AS the Town Hall insists on counting through the night, presumably to ensure there is no shock to the international markets, the winners of these elections came into the light to see Camden at dawn.

It’s rather nice before the chaos of Camden High Street cranks up.

That said, the only place open is McDonald’s in Camden High Street so the victors, including the Town Hall leader Georgia Gould, headed there for celebratory hash browns at 6am on Friday.

Everybody had known before they had reached the counting hall seven hours earlier that Labour would be leading the borough again, and that their own elections were pretty much secure from the moment they saw the first papers out of the boxes.

The defeat of Oliver Cooper, their panto villain for so long, and the election of Adrian Cohen had been unscripted talking points though.

None of them seemed to mind that you could win one of the hardest (for Labour) wards in the borough by hardly lifting a finger.

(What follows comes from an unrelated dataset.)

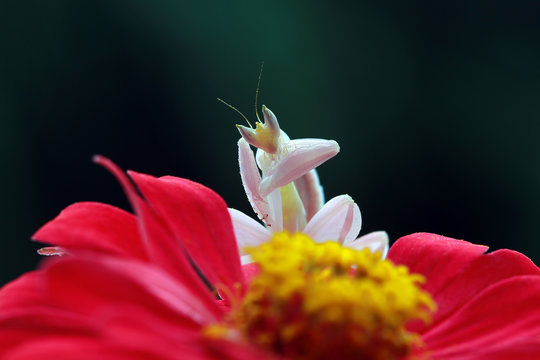 Close-up of an orchid mantis on a flower, Indonesia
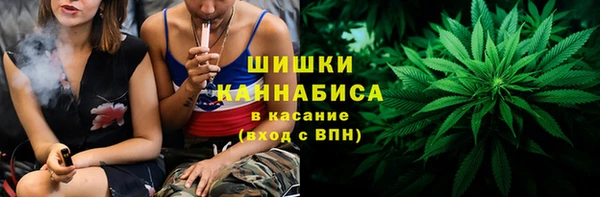 ALPHA PVP Иннополис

It must after all be a little tiring to spend weeks, months, knocking on doors and collecting canvas data, only to be told that they could have put a red rosette on a Sausage Egg McMuffin and still have won.

A treat for the winners

Nothing had been left to chance, from the candidate selection process which caused so many headlines to the polling day operation where the smaller parties got swallowed up in the areas where they hoped they could challenge for more.

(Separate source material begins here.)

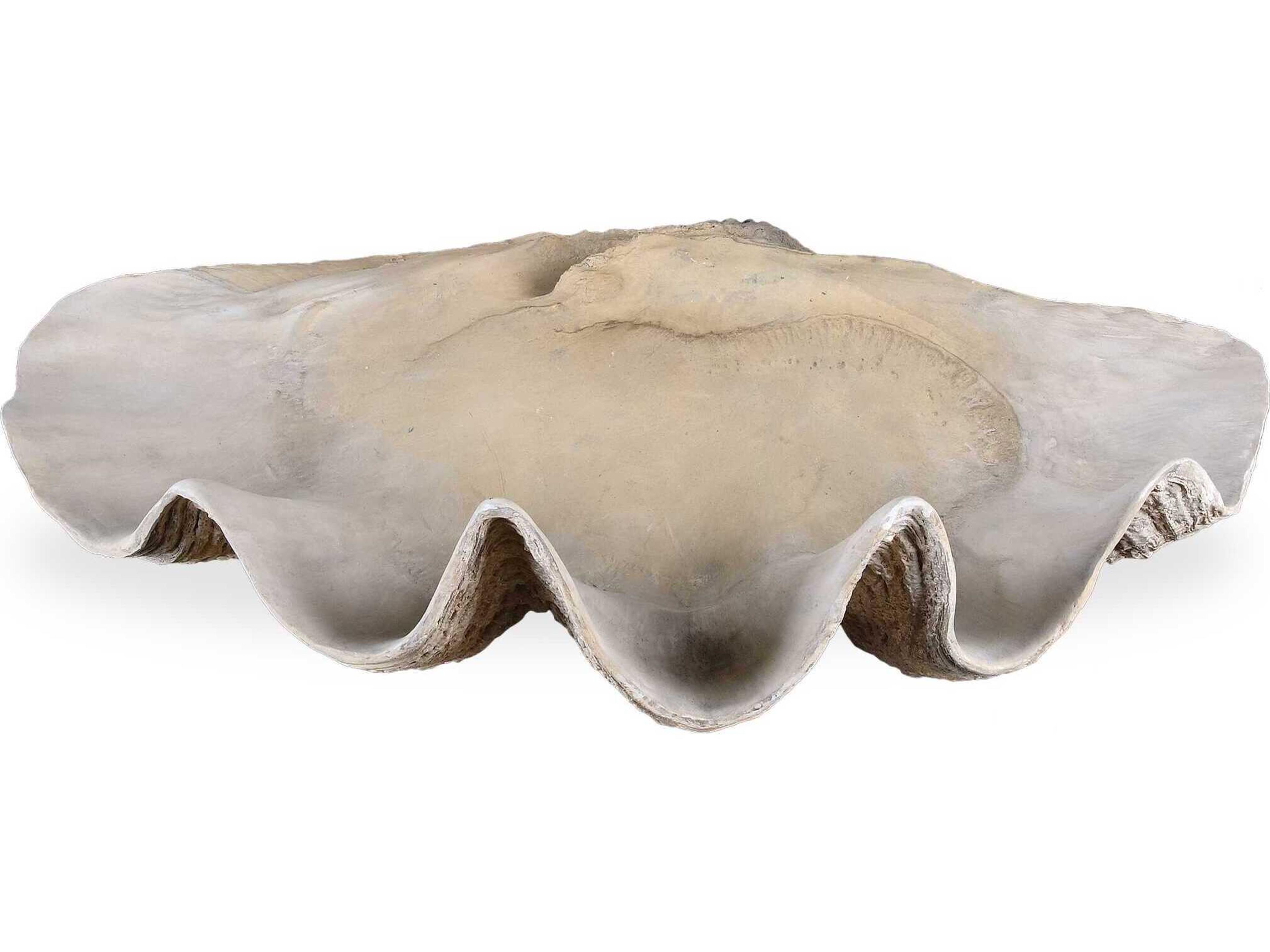 Uttermost Clam Shell Bowl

An hour from the close of play, the cabinet councillor Danny Beales – who knows? perhaps a future leader of the council – could still be found in his khaki shorts squeaking every last vote out of the hillier roads of Fortune Green. Not a moment is lost.

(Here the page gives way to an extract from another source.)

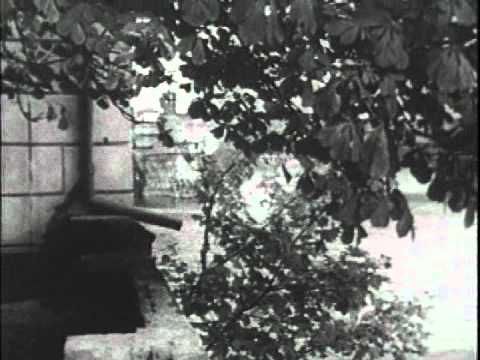 Charles Lloyd Prague 1968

You might wonder why such lengths are gone to – Labour will be able to do whatever they want with 47 councillors as much as they would have been able to with 40.

But there is no room for complacency in what has become known by the national press as simply “Sir Keir’s backyard”.

Whenever the smallest thing goes wrong, there is now this added risk.

Journalists love to drift in, half understand a story – perhaps a row at a CLP meetings – and then get an easy social media hit by suggesting something controversial is happening… in Keir’s backyard.

But not at this locked-up election, no put down your pens – NO seats were lost in Keir’s backyard.